Para efeito de comparação, a final da Copa do Mundo de 2022, no Catar, teve ingressos vendidos no preço máximo de R$ 8.200 (na cotação atual).

A atual fase de vendas é a última e seguirá aberta até a final do Mundial.

Expectativa de preços na candidatura

Canadá, Estados Unidos e México apresentaram em 2018 o “United Bid”, documento de candidatura para sede da Copa do Mundo. No documento, a expectativa de ingresso mais caro era de US$ 1.550, além de valores médios na casa de US$ 1.408 (R$ 7,2 mil na cotação atual).

Em comparação com os valores atuais, o ingresso mais caro da final ultrapassa 7x o valor estimado no dossiê de candidatura. No entanto, tendo o site de revenda como referência, o ingresso mais caro custa 118x o valor esperado.

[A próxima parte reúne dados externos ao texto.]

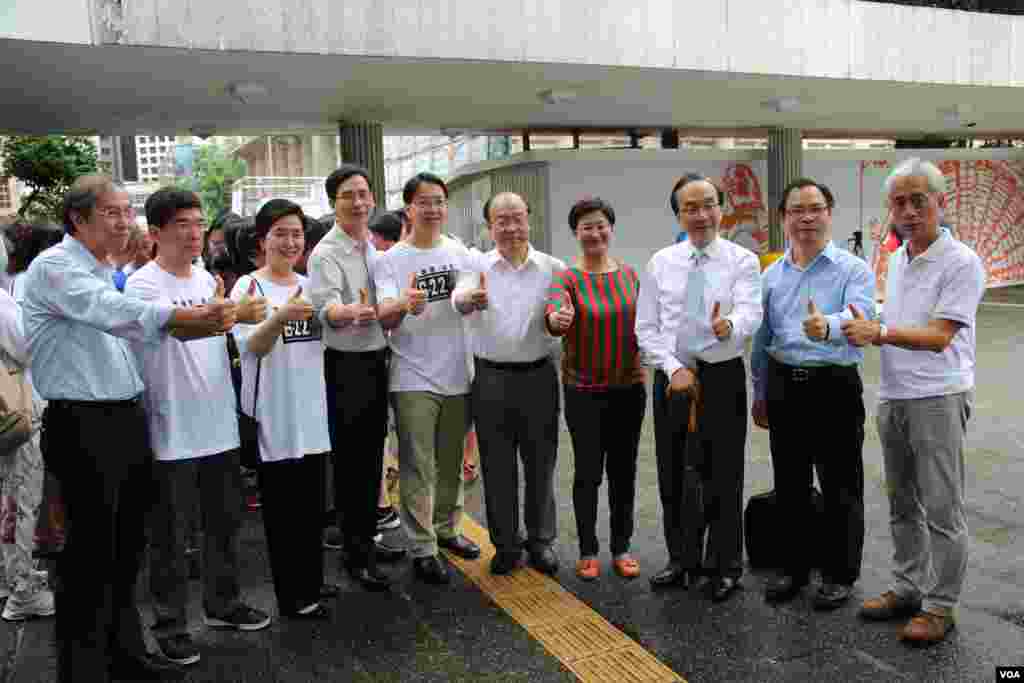 香港和平占中举行全民投票启动仪式（美国之音海彦拍摄）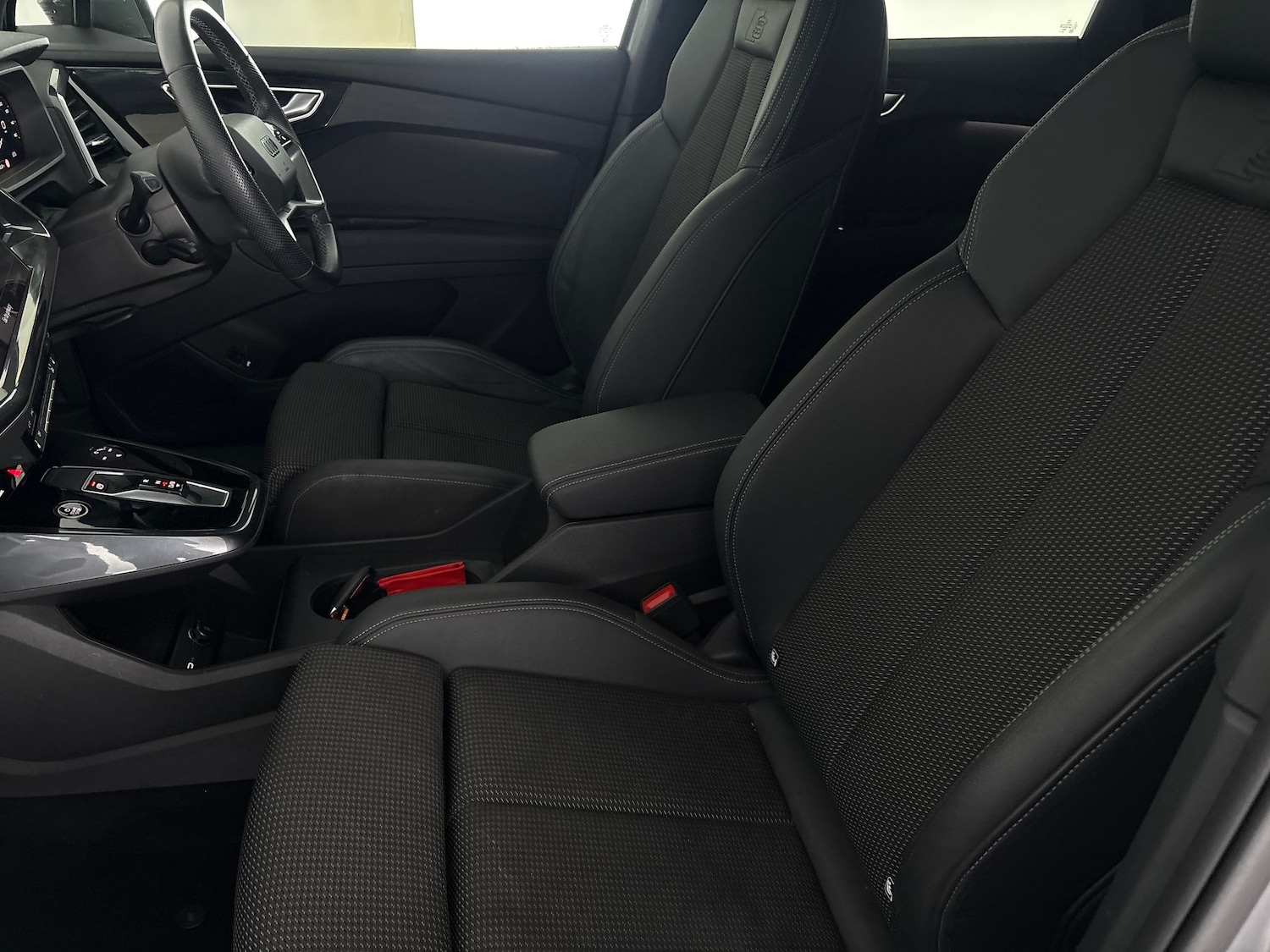 Used Audi Q4 e-tron 2023 for sale - 78000958: Photo 27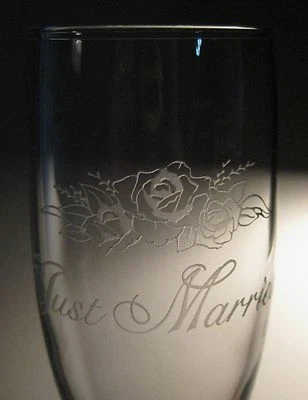 Juego de copas tostadas de champán Libbey recién casadas florales personalizadas  Foto 1 de 3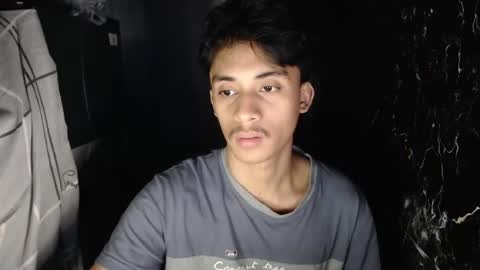 Snapshot of twink_hairyass69 chatting on December 19, 1:51 pm Aladin online show from December 19, 1:51 pm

Os preços para ver o Brasil na fase de grupos

A estreia da seleção brasileira acontece contra Marrocos, no dia 13 de junho, em Nova Jérsei. No site oficial da Fifa, só há disponibilidade para ingressos com hospitalidade que começam no valor de US$ 2.900 (próximo a R$15 mil).

No site de revenda da Fifa, é possível encontrar raros ingressos ao preço de US$ 120 (R$ 620). Ainda assim, a média de valores supera os R$ 15 mil, e o ingresso mais caro disponível custa acima dos R$ 100 mil.

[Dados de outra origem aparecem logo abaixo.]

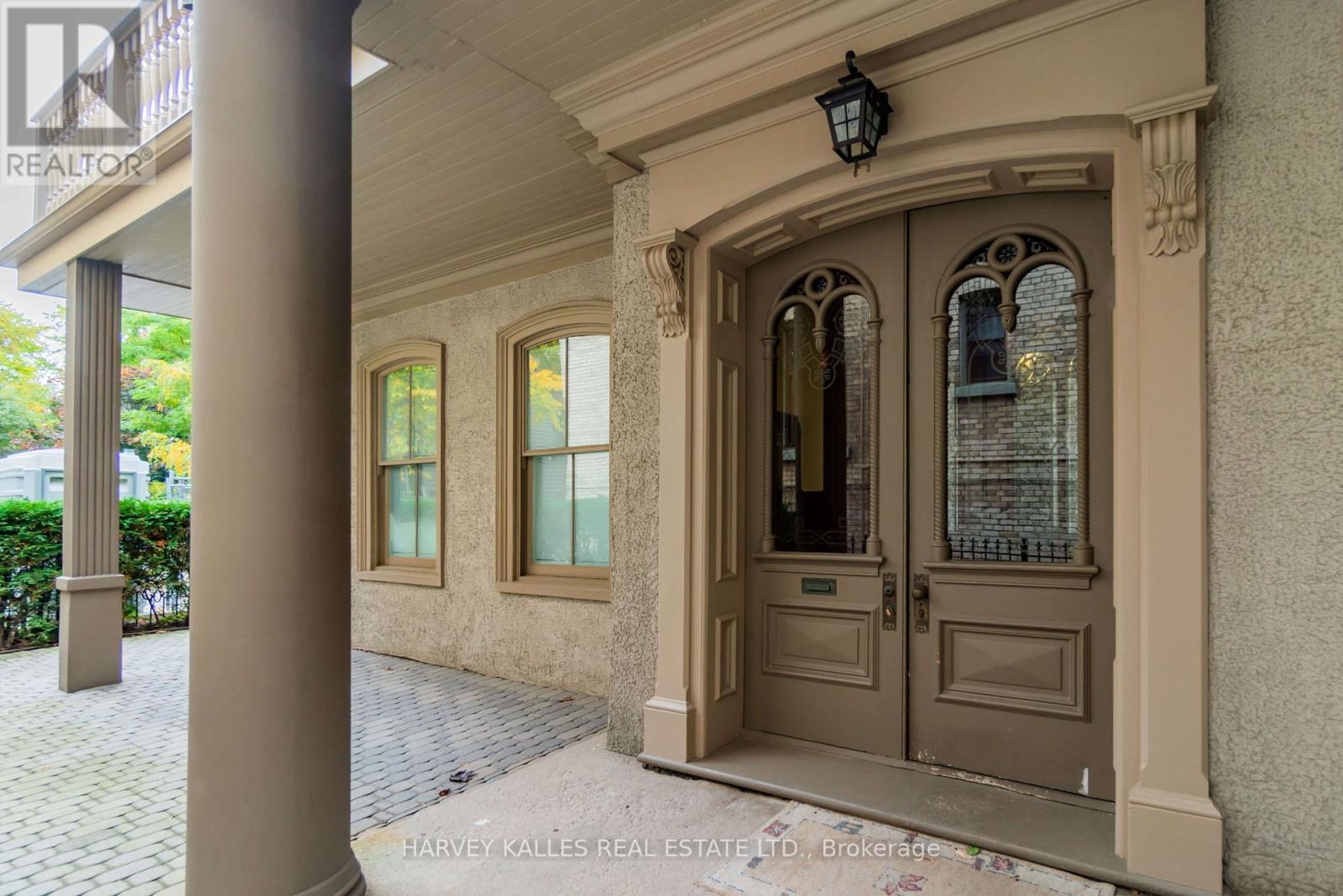 Photo 8 of 5 37 Metcalfe Street, Toronto ON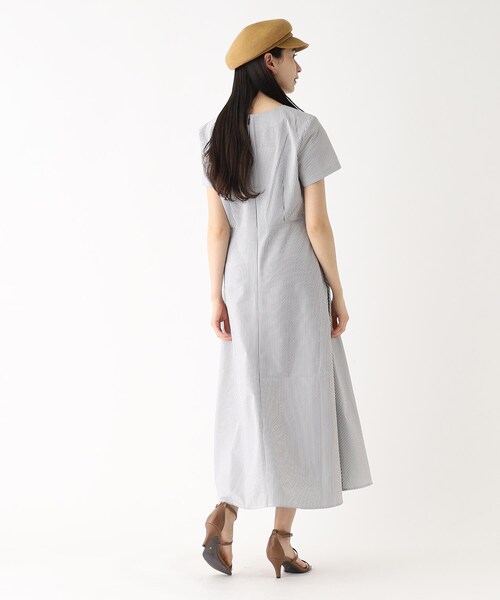 OPAQUE.CLIP（オペークドットクリップ）の「◆サッカーストライプ フィット＆フレアワンピース【イージーケア/吸水速乾/ストレッチ/洗濯機洗い可】（ワンピース・レディース・ホワイト系5/ブルー系2/ブラック・40/38）」の11枚目の写真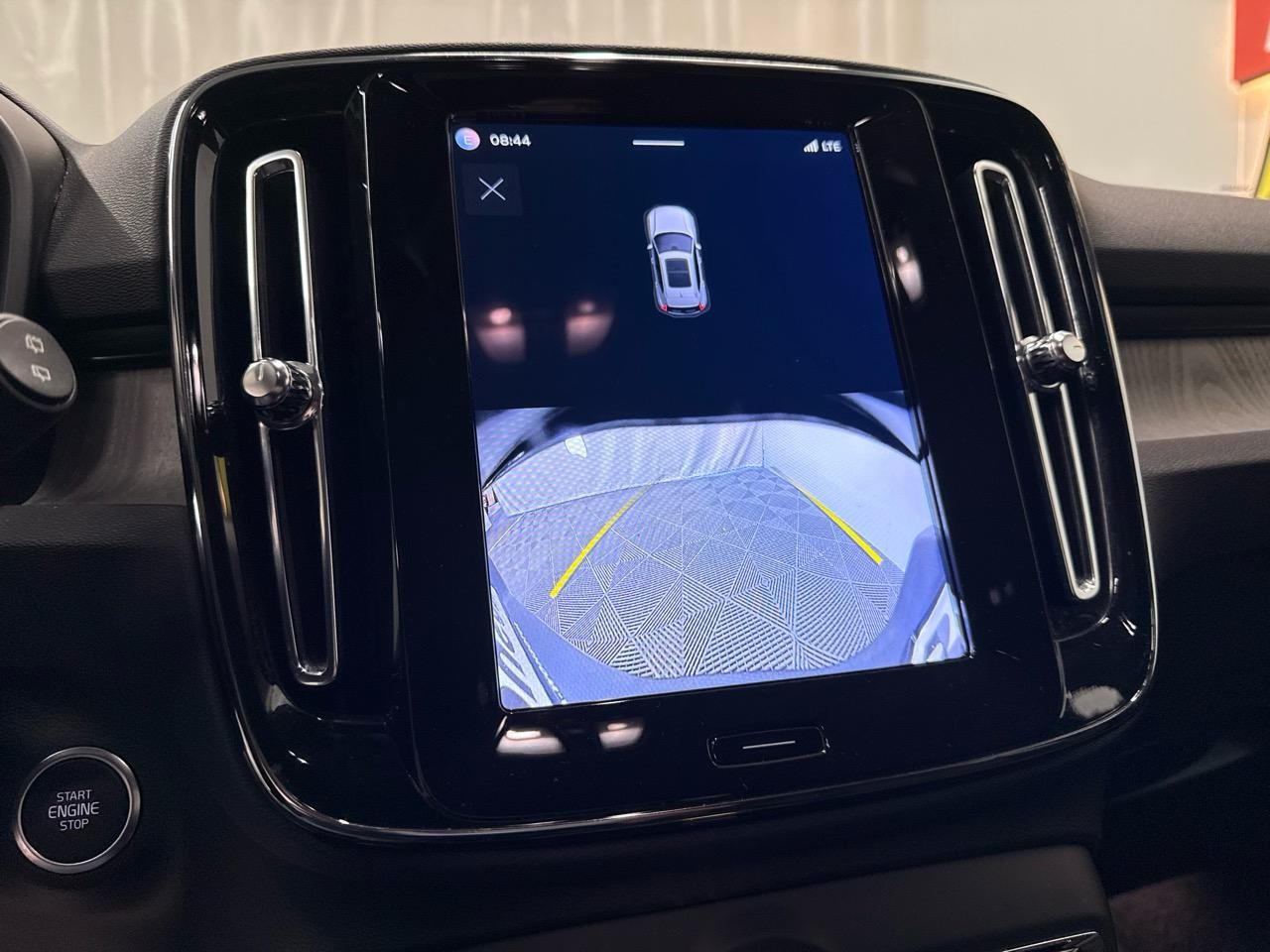 VOLVO XC40 B3 Plus Dark DCT-image-6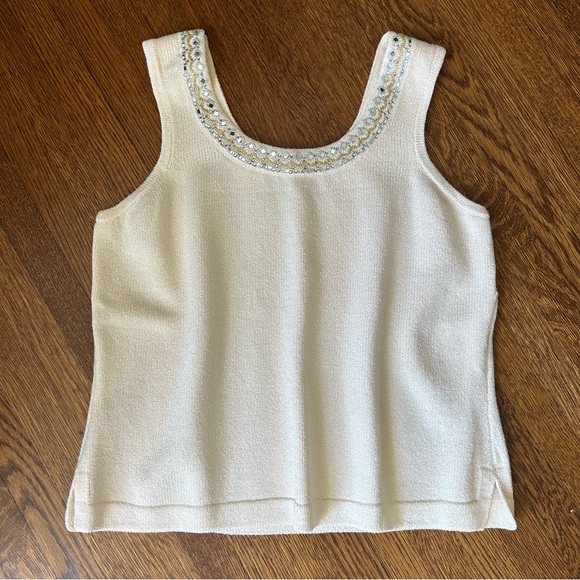 St. John cream sweater shell with sequins - Picture 1 of 13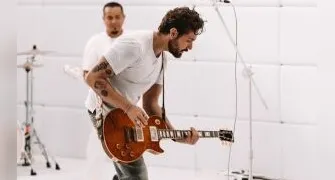 Gustavo Mioto lança álbum inquieto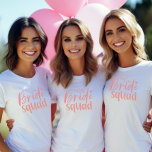 Bride Squad Bachelorette T Shirt<br><div class="desc">Visa ditt stöd för skon att skaka med den här snyggten "Bride Squad"-garantin. Perfekt för möhippor och bröllop-festligheter!</div>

O jogo contra a Escócia, que encerra a fase de grupos, no entanto, tem valores ainda maiores. Há disponibilidade no site de revenda de tickets custando US$ 143.750 (R$ 742 mil).

Polêmicas do modelo ‘preço dinâmico’

De acordo com a própria Fifa, os preços oscilam com a procura do jogo em questão, podendo exceder o valor estipulado como padrão. Esse formato de preço dinâmico tem sido criticado por torcedores e também consumidores de outros setores.

A entidade destacou o formato como inovador pelo fato do torcedor poder escolher um assento específico no estádio, ao comprar o ingresso. Além disso, a Fifa também confirmou que o lucro do Mundial será revertido em investimento no futebol de base em todo o planeta.

No entanto, o formato de preço dinâmico tem causado muita polêmica. Nos Estados Unidos, membros do congresso escreveram uma carta à Fifa criticando de forma contundente o formato.

A implementação do preço dinâmico na Copa do Mundo contrasta com a missão da Fifa em promover acessibilidade e inclusive promover e desenvolver o futebol de forma global. A dinâmica tornará a Copa de 2026 no evento mais excludente e inacessível financeiramente
– diz a carta escrita pelo grupo 69 Democratic.

O formato trouxe tanta reclamação de consumidores que muitos artistas tiveram que voltar atrás. Foi o caso da banda britânica Oasis, que aplicou o modelo no Reino Unido, mas não nos Estados Unidos. A cantora Taylor Swift se recusou a adotar o sistema na turnê Eras Tour, à favor dos fãs.

O modelo de preço dinâmico é legal nos Estados Unidos, mas não em todos os países. A Austrália baniu o formato, enquanto o Reino Unido discute internamente seguir o mesmo caminho.